ハンガーボルトが外れて脚がとれてしまった椅子


こちらが、壊れてしまった椅子です。「ハンガーボルト」という脚と本体をつなぐパーツが外れてしまっていました。


半分が木ネジ、半分がボルト状になっているハンガーボルト

【画像:株式会社モリギン「ハンガーボルトの取り付け方」より】


ハンガーボルトとは、このように半分が木ネジ、半分がボルト状になっている金具のことです。半分を木部にねじこみ、もう半分を「オニメナット」や「六角ナット」と組み合わせて色々なシーンで使えます♪


鬼目ナットとも書くオニメナット

【画像:株式会社モリギン「オニメナットの取り付け方」より】


そして、こちらが「オニメナット」。今回修理した椅子の本体側に入っていたのもオニメナットです。「鬼目ナット」と書くこともあり、そのイメージにふさわしく外側がギザギザ・・・木部にしっかり食い込みます。

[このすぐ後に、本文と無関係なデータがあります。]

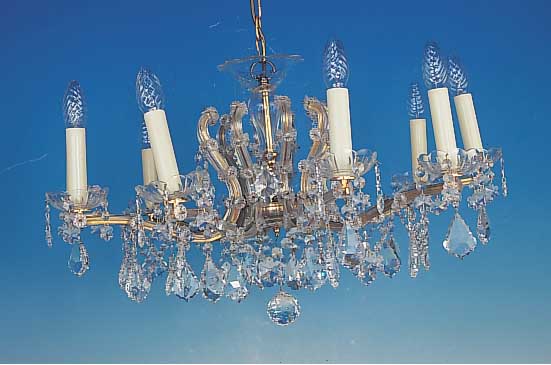 Deckenleuchter, deutsch, 50er Jahre, glasummantelte Monturen, reicher geschliffenerGlasbehang, 10 Brennstellen, H. ca. 40 cm, D. ca. 70 ...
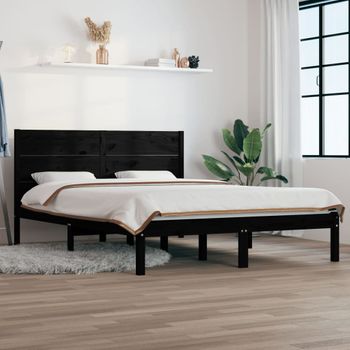 Estructura De Cama De Madera Maciza De Pino Negra 140x200 Cm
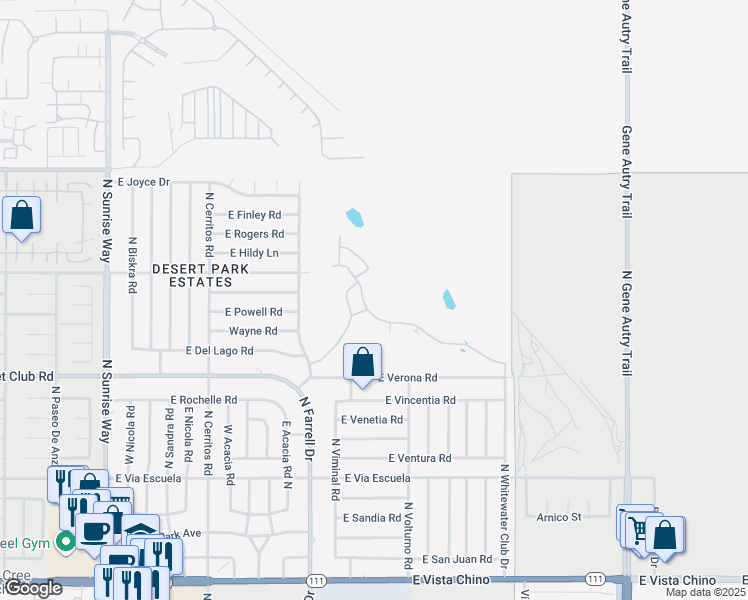 map of restaurants, bars, coffee shops, grocery stores, and more near 2602 North Whitewater Club Drive in Palm Springs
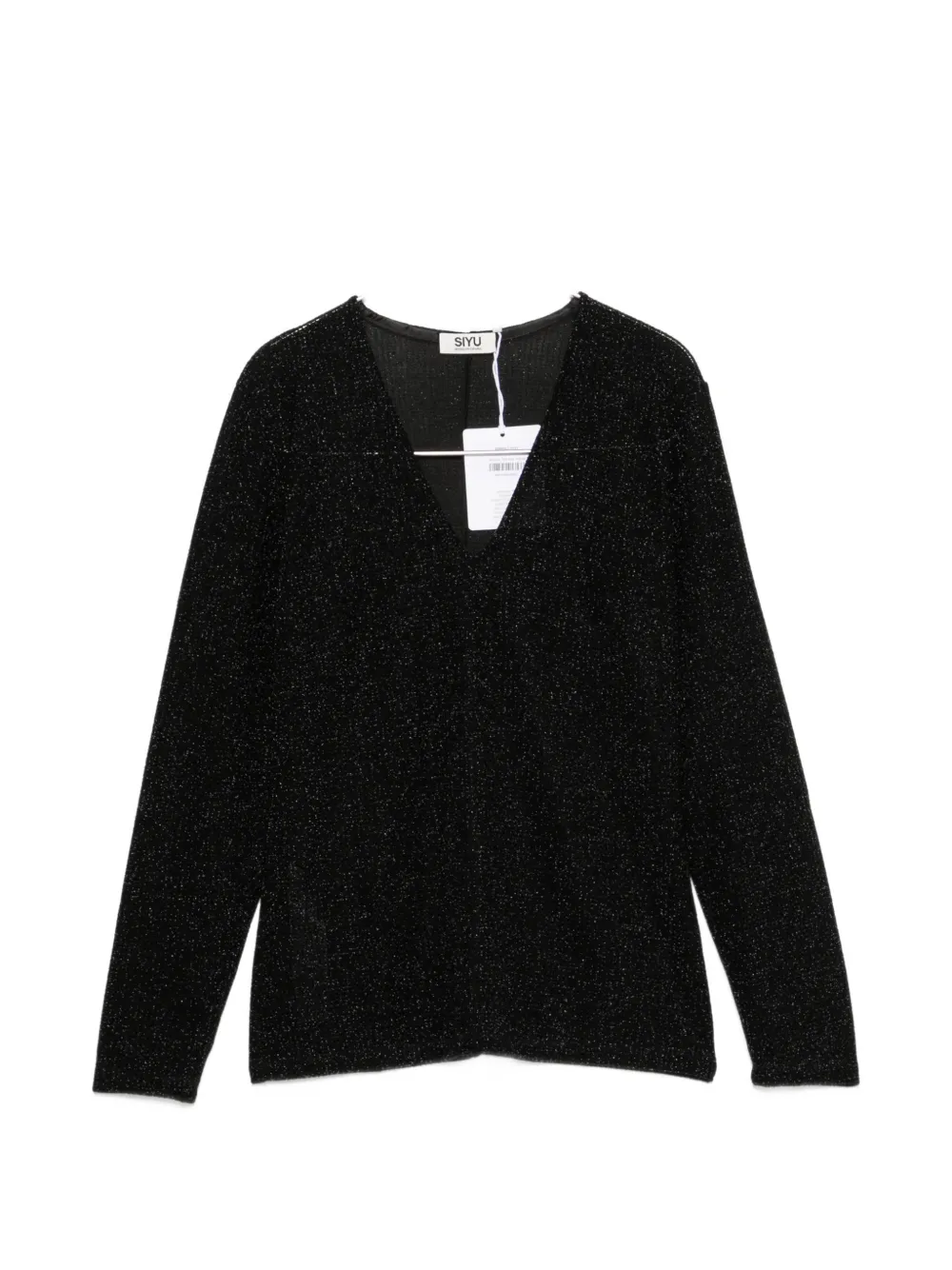 Siyu V-neck Long-sleeve T-shirt In Black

ハンガーボルトとオニメナットを使えば外側から金具を見せずに部材を連結できて、しかも工具を使わずに組み立て&解体ができるので、組み立て家具にもよく使われます♪

「ハンガーボルト」の付け直し。もとより長いものを、その理由は?


椅子の修理のお話に戻ります。


脚の穴が広がり抜けてしまったハンガーボルト


こちらの椅子は、脚にねじこんであったハンガーボルトが脚から抜けてしまっていました。これでは穴が広がっているので、同じようにハンガーボルトを入れ直すだけでは、また抜けてしまいます。


ハンガーボルトを入れる穴をドリルで掘る


そこで、もげて広がってしまった穴をドリルでさらに掘ります。なぜかというと・・・


元のハンガーボルトより長いものを使う



元のものよりさらに長いものを使ってやり直すため!



実はこちらの椅子、本体側も脚を取り付ける木部がパックリと割れ、「砕けた」に近い状態になっていました。その部分は修復しても強度が出ないので、金具をもっと奥深く入れることで強度を出すことにしました。

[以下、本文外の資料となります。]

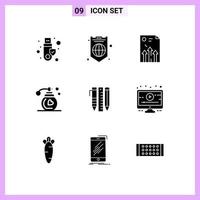 Pack of 9 Modern Solid Glyphs Signs and Symbols for Web Print Media such as essential tools makeup arrow fragrance report Editable Vector Design Elements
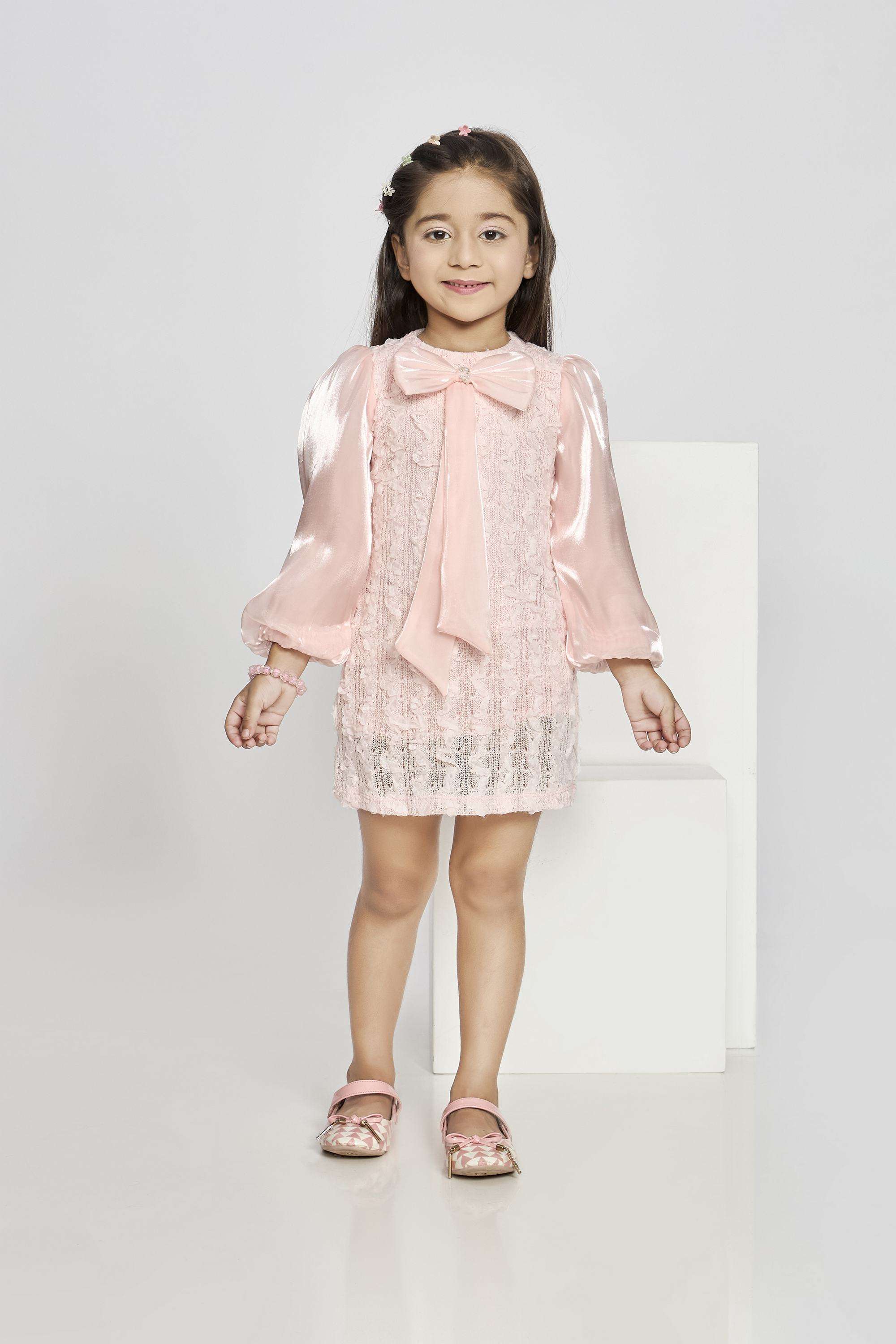 Embellished-Blended-Fabric-Round-Neck-Girls-Casual-Wear-Dress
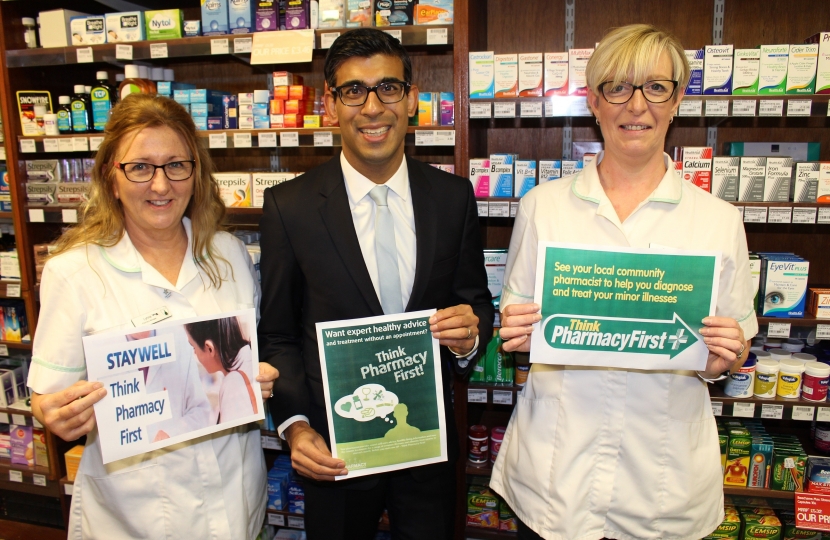 Rishi Sunak at Mills Pharmacy, Bedale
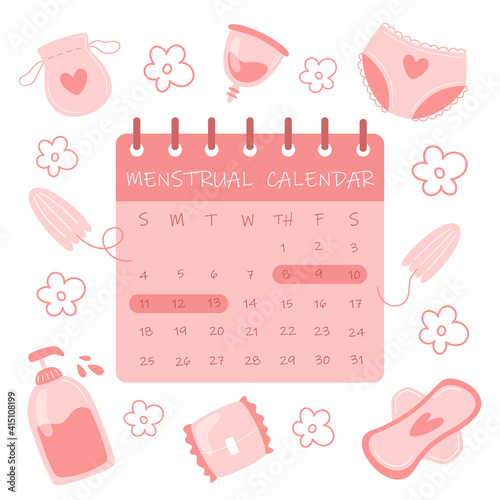 Menstrual cycle calendar and feminine hygiene items in flat style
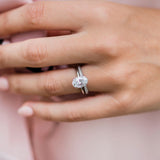 2.10 CT Oval Solitaire Hidden Halo Moissanite Engagement Ring 2
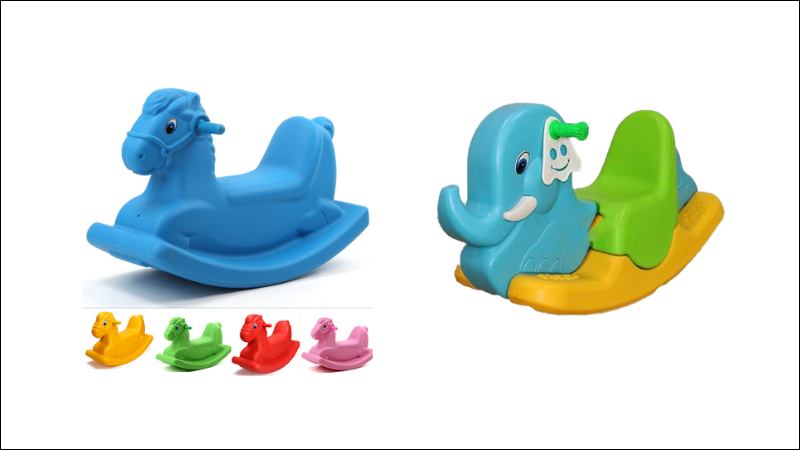 Bập bênh nhựa hình thú cao cấp nhiều màu sắc cho bé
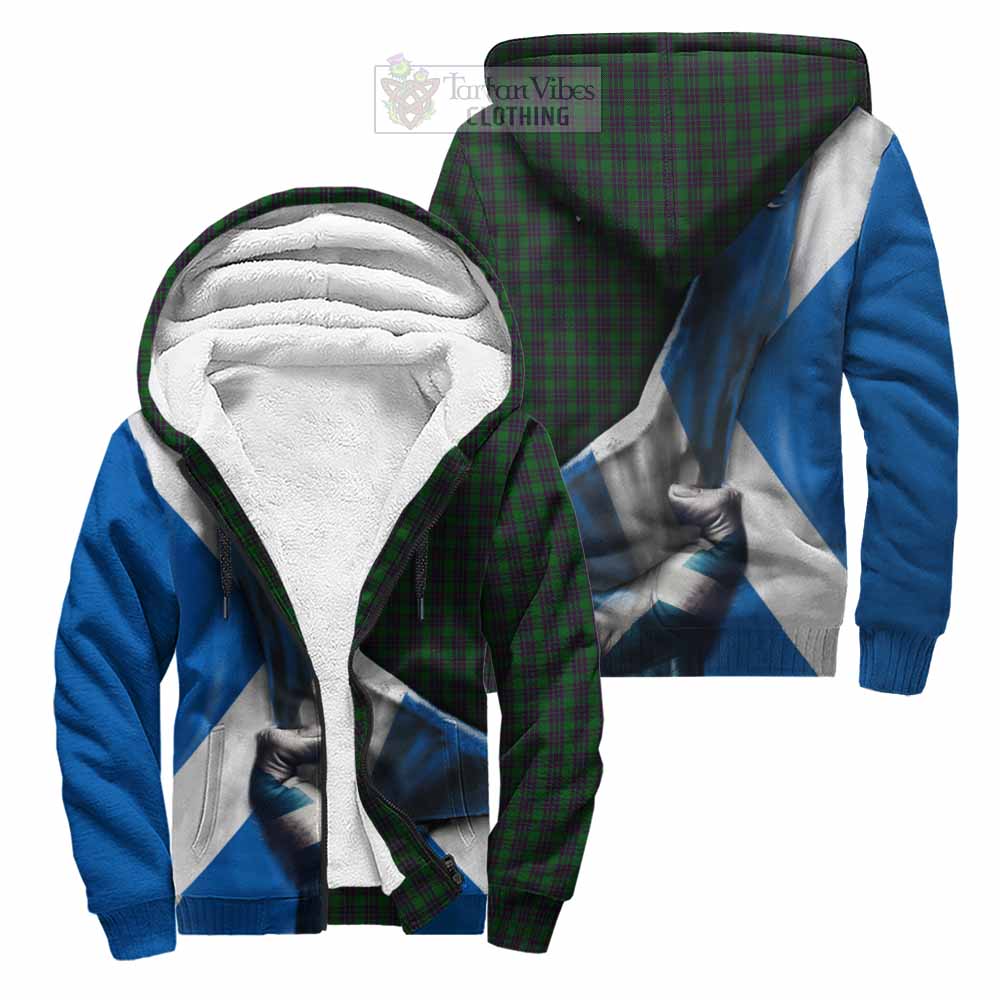 Tartan Vibes Clothing Elphinstone Tartan Sherpa Hoodie with Family Crest Scotland Patriotic Style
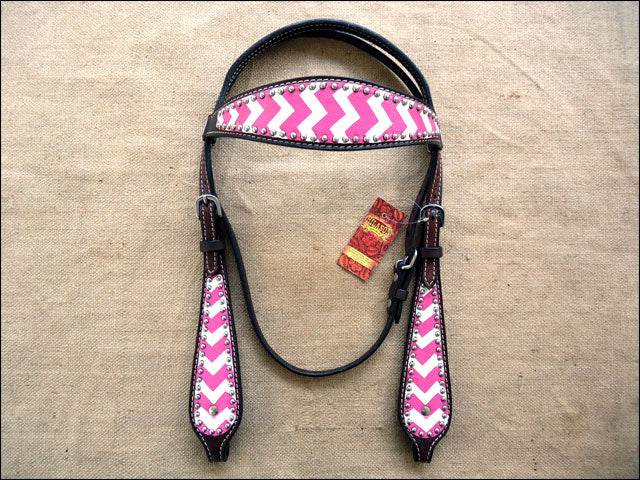 HILASON Western Horse Genuine Leather Headstall &amp; Breast Collar Set Pink Zigzag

家具作りたいおっさんいわく、もともとが深いものになっていない理由は効率化のためだそうです。深い方がもちろん強度はあるけど、パーツ代が高くなるし、より精度が必要になります。そして加工時間も増えるので、大量生産品は「最小限」が選ばれることが多いみたいです。


ハンガーボルトは六角ナットを入れて回す


ハンガーボルトは、ペンチなどで握って回すとネジが傷んで使いものにならなくなるので、六角ナットを入れて回します。2個六角ナットが入ってるのは、1個だとナットが回ってねじ込めないから。2個入れて締めると止まるので、その状態でねじ込んでいきます。

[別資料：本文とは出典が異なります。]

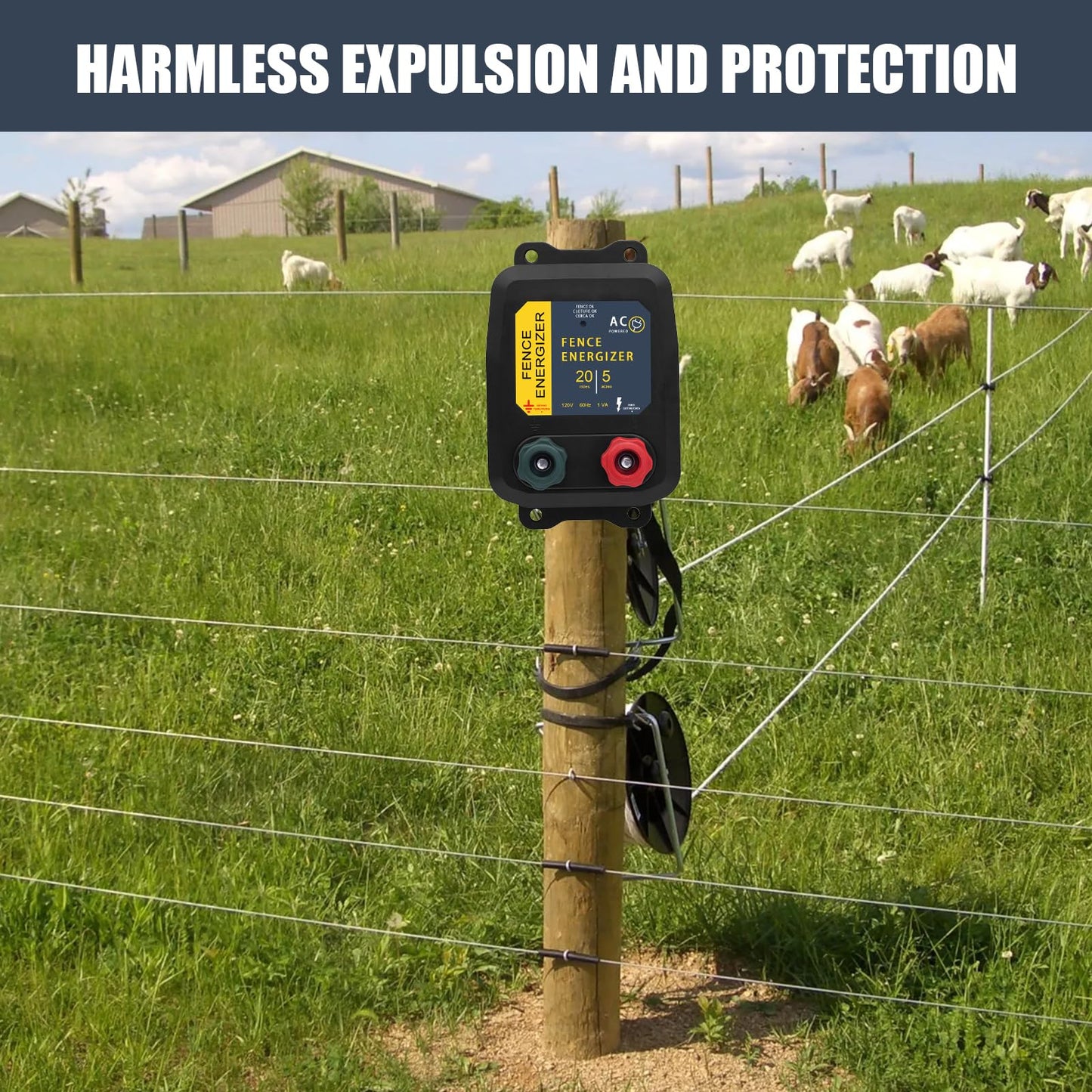 Electric Fence Energizer 5 Miles/ 20 Acres AC Powered 120 Volt, Plug-in Electric Fence Charger Output 0.2 Joule for Preventing Raccoons, Livestock, Squirrels, Chicken Coops, Skunks intruding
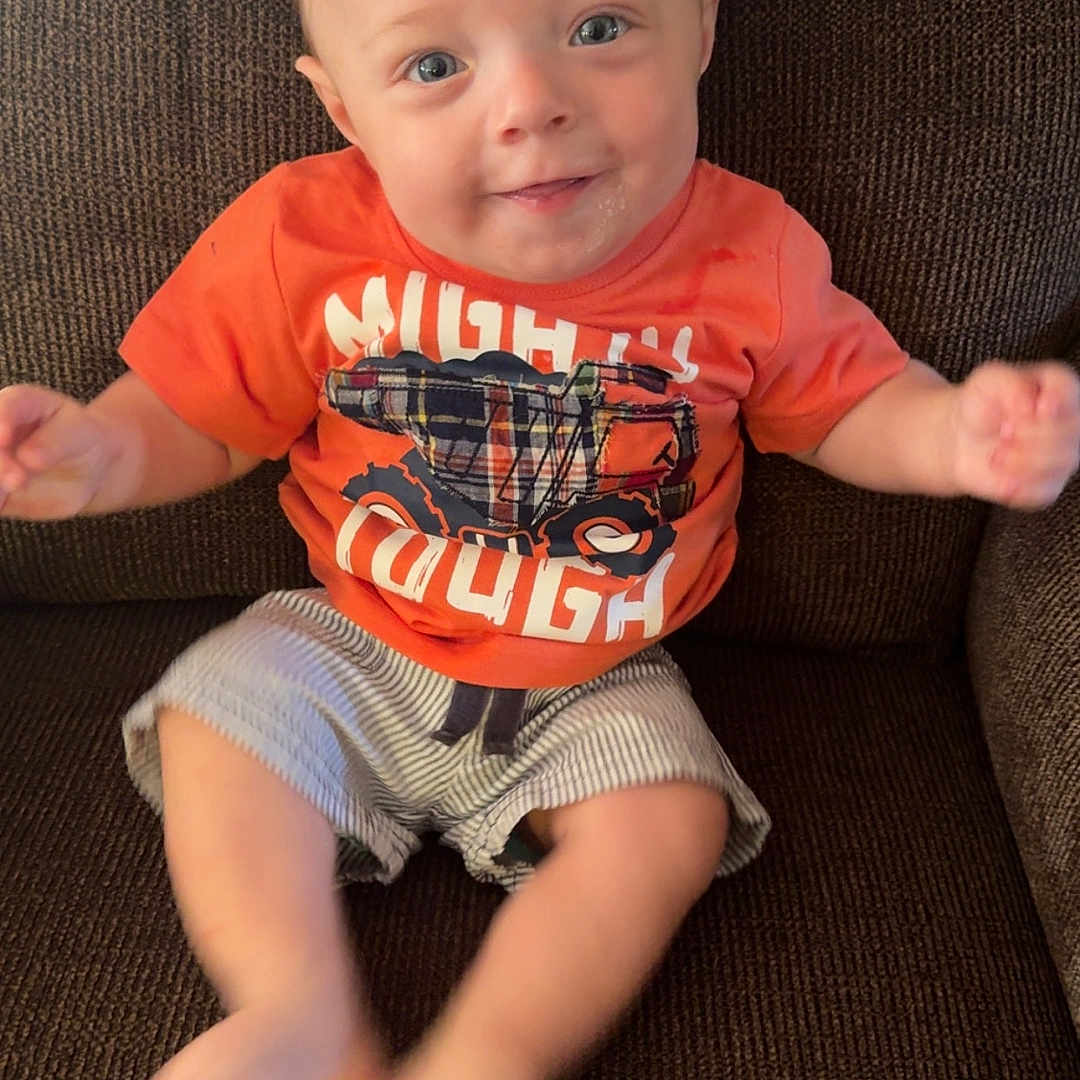 Kason joined the competition — help win amazing prizes! baby, bodypart, chair, clothing, couch, cushion, face, finger, furniture, hand, head, homedecor, jeans, pants, person, photography, portrait, shorts, sitting, t_shirt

ハンガーボルトを入れる穴に緩み防止のためボンドを流す


もっと深い穴を掘ったので不要ではありますが、多少隙間があくこともあり、緩む原因になる可能性もあるので、ボンドを流します。


ハンガーボルトをレンチで回して取り付け


ハンガーボルトを脚に取り付けているところです。写真だと分からないんですけど、レンチで回しているそうです。


これでひとまず、脚側の修理は終わりました。

ボンドで圧着!割れてしまった脚部取り付け位置の補強


先ほど、本体側の脚取り付け部分がパックリと割れてしまっていたと書きましたが、その写真がこちら。


オニメナットが入っている本体側が割れてしまっている


最初にご紹介した「オニメナット」が入っている部分が割れてしまっています。裏から補強は入っているけど、間に挟まるこの木の部分が割れていては、加重をしっかり受け止められません。


本体の割れた部分を丁寧に外す


まずは、割れた部分を丁寧に外します。


ワレをボンドで接着


断面が綺麗で「割れている」「裂けている」状態だったのでボンドを流して接着しました。この時「砕けている」状態だとNGだけど、繊維に沿って割れている場合だとボンドによって割れる前以上の強度が期待できます。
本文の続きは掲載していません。